Car, l’esprit vagabonde, s’emplit de « pensées » quand il n’est pas capté par un Acte (un dialogue, une tâche précise à accomplir, une activité physique particulière, etc.). Car l’Acte bloque nos esprits, les enserre, et les fixe par les préoccupations qu’il impose. D’où nos papillons : ces pensées surgissant dans les interstices d’une conscience affaiblie (au réveil, lors d’actions routinières, les instants précédents le sommeil). Alors des pensées surviennent et s’envolent à la queue-leu-leu en apparence insignifiantes. Les épingler exigera un « supplément de conscience »,  une façon de redoublement parfois un arrêt sur image et le retour immédiat sur le dernier papillon déjà prompt à s’effacer. Un arrêt qui permettra grâce à une vigilance accrue de voir cette pensée, d’en prendre véritablement conscience, de la saisir du bout des doigts, avec pour effet : de voir aussi la précédente, elle-même corrélée à une autre.
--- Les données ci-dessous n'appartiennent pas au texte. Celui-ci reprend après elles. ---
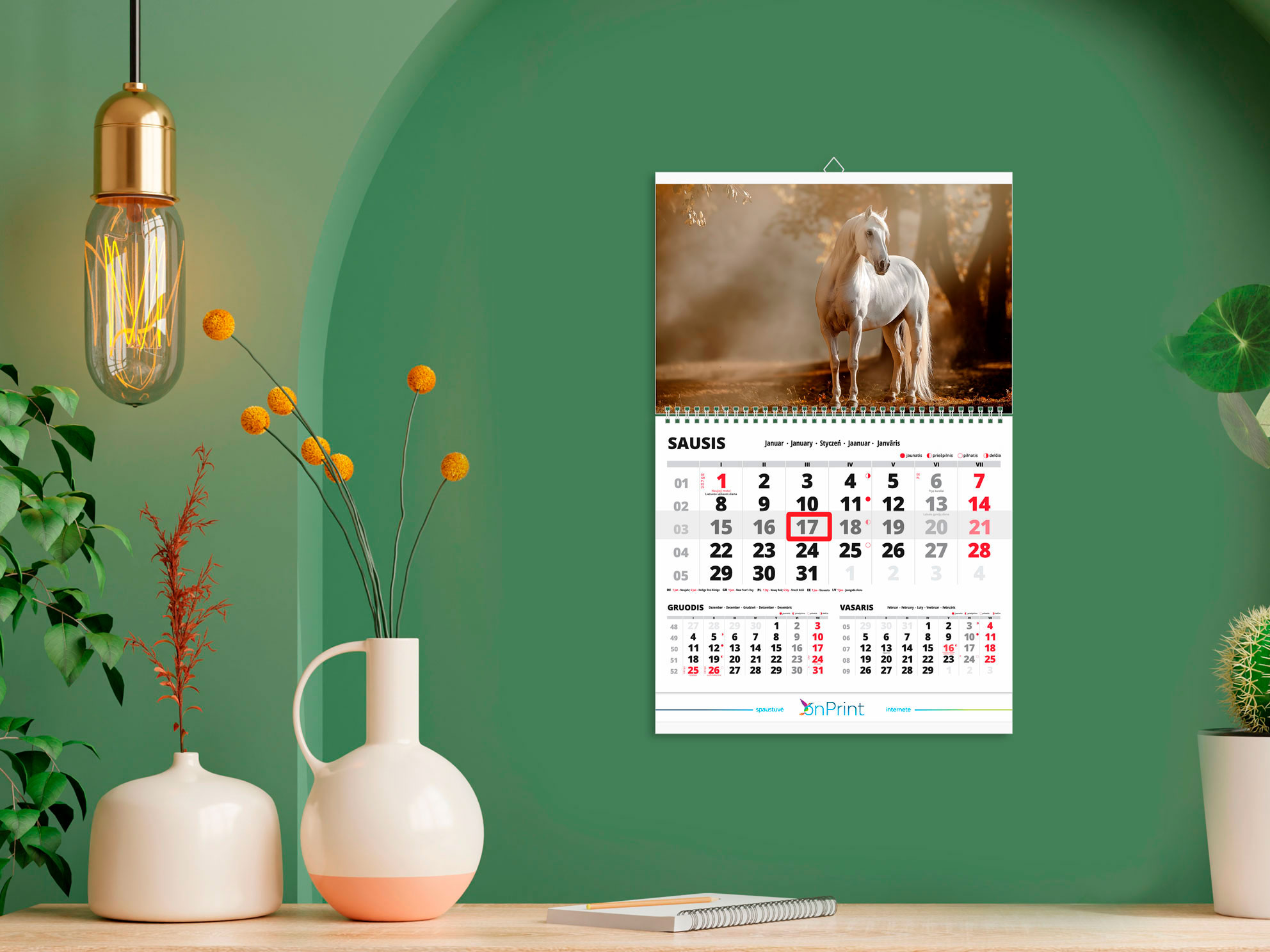 2026 m. sieninis kalendorius "Arkliai" 5
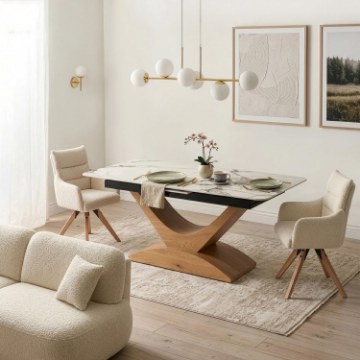 Mebel Elite Стіл Alicante, керамічний, розкладний, 160–200 см, білий мармур/дуб, ME.ALICANTE/B/D/S160-200 - Home Club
Car, en vérité ces papillons forment une chaîne d’associations plus ou moins alambiquée, que seule une attention spécifique permettra de percevoir. L’exercice peut ne durer qu’une ou deux minutes et est moins simple qu’il n’y paraît. Il vise à garder en mémoire les contenus normalement voués à l’oubli. Son but est de cerner une identité : un papillon qui file et une conscience aux aguets, rapide comme le vent. 

C’est un premier pas. 

Un clair obscur destiné à s’éclairer pour peu que notre vigilance soit au rendez-vous (vérifiez dans le cours de la journée, si notre papillon est toujours là où nous l’avions laissé). 

Voir nos pensées, sera donc le premier acte du Témoin (ici incarné dans nos égos).